# Import Pyspark

In [1]:
import pyspark
from pyspark.sql import SparkSession

In [2]:
spark=(SparkSession.builder
       .master('local[*]')
       .appName('homework')
       .getOrCreate())

## Question 1. Checking spark version

In [3]:
spark.version

'3.3.2'

## Question 2. Reading csv to spark df

In [4]:
df_fhv=spark.read.option('header','true').csv('fhvhv_tripdata_2021-06.csv.gz')

In [5]:
# Check schema
df_fhv.schema

StructType([StructField('dispatching_base_num', StringType(), True), StructField('pickup_datetime', StringType(), True), StructField('dropoff_datetime', StringType(), True), StructField('PULocationID', StringType(), True), StructField('DOLocationID', StringType(), True), StructField('SR_Flag', StringType(), True), StructField('Affiliated_base_number', StringType(), True)])

In [6]:
df_fhv.show(2)

+--------------------+-------------------+-------------------+------------+------------+-------+----------------------+
|dispatching_base_num|    pickup_datetime|   dropoff_datetime|PULocationID|DOLocationID|SR_Flag|Affiliated_base_number|
+--------------------+-------------------+-------------------+------------+------------+-------+----------------------+
|              B02764|2021-06-01 00:02:41|2021-06-01 00:07:46|         174|          18|      N|                B02764|
|              B02764|2021-06-01 00:16:16|2021-06-01 00:21:14|          32|         254|      N|                B02764|
+--------------------+-------------------+-------------------+------------+------------+-------+----------------------+
only showing top 2 rows



In [7]:
# import types
from pyspark.sql import types

In [8]:
# Fixed schema
fhv_schema=types.StructType([
    types.StructField('dispatching_base_num', types.StringType(), True), 
    types.StructField('pickup_datetime', types.TimestampType(), True), 
    types.StructField('dropoff_datetime', types.TimestampType(), True), 
    types.StructField('PULocationID', types.IntegerType(), True), 
    types.StructField('DOLocationID', types.IntegerType(), True), 
    types.StructField('SR_Flag', types.StringType(), True), 
    types.StructField('Affiliated_base_number', types.StringType(), True)
    ])

In [9]:
transformed_df=(spark.read
                .option('header','true')
                .schema(fhv_schema)
                .csv('fhvhv_tripdata_2021-06.csv.gz')
               )

In [10]:
transformed_df.repartition(12).write.parquet('pq_files/fhvhv/2021/06/')

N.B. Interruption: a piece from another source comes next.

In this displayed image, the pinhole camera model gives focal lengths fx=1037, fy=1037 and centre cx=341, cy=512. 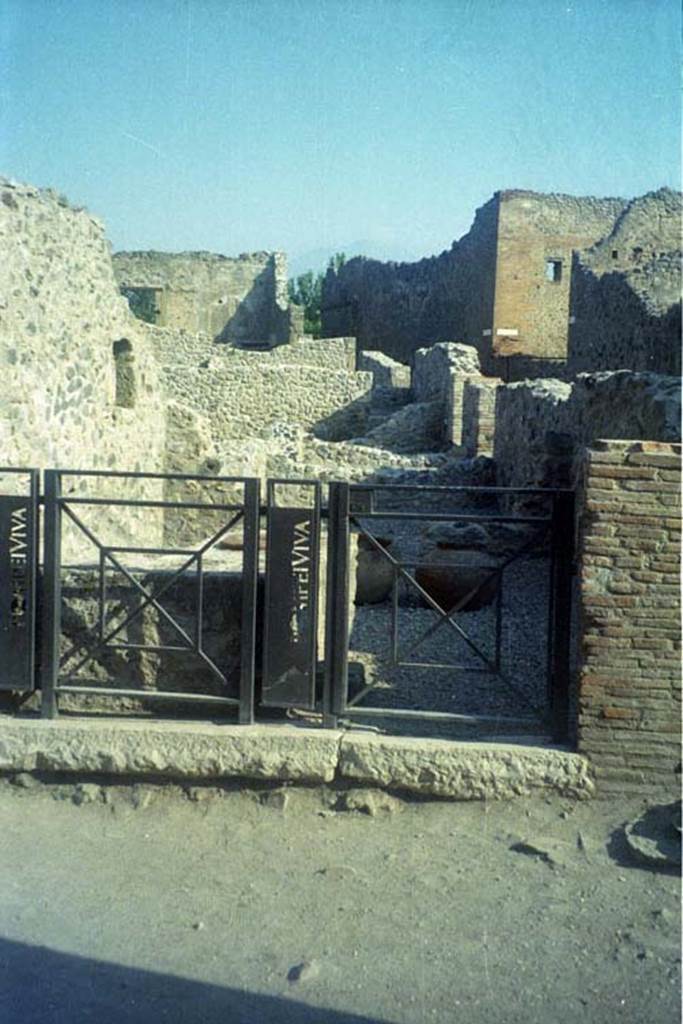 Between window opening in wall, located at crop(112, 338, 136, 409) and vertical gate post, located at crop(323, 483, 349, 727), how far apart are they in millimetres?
4983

AnalysisException: path file:/home/rbbel/notebooks/pq_files/fhvhv/2021/06 already exists.

## Question 3. Count Records

In [14]:
df_fhv_pq=spark.read.parquet('pq_files/fhvhv/2021/06/*')

In [15]:
df_fhv_pq.createOrReplaceTempView('fhv')

In [18]:
result=spark.sql("""
SELECT COUNT(*) as trip_number

FROM fhv

WHERE pickup_datetime LIKE "2021-06-15%"
""")

In [19]:
result.show()

+-----------+
|trip_number|
+-----------+
|     452470|
+-----------+



### Question 4. Longest Trip 

In [20]:
# make a function computing the pickup - dropoff
import pyspark.sql.functions as F 

In [21]:
# New df with added trip_duration column
trips=df_fhv_pq \
        .withColumn('trip_duration', (df_fhv_pq['dropoff_datetime']) - (df_fhv_pq['pickup_datetime']))

In [22]:
# Df with only the trip_duration column
duration=trips \
        .select('trip_duration') \
        .orderBy(trips['trip_duration'].desc())


In [27]:
# Check trip_duration column type
duration.printSchema

<bound method DataFrame.printSchema of DataFrame[trip_duration: interval day to second]>

In [51]:
# Df with converted trip_duration column () from interval day to second to interval hour to minute
duration_hrs=duration \
     .withColumn('duration_hrs', ((duration['trip_duration'].cast('INTERVAL MINUTE')).cast('INTEGER')/60))

In [52]:
duration_hrs.orderBy(duration_hrs['duration_hrs'].desc()).show(5)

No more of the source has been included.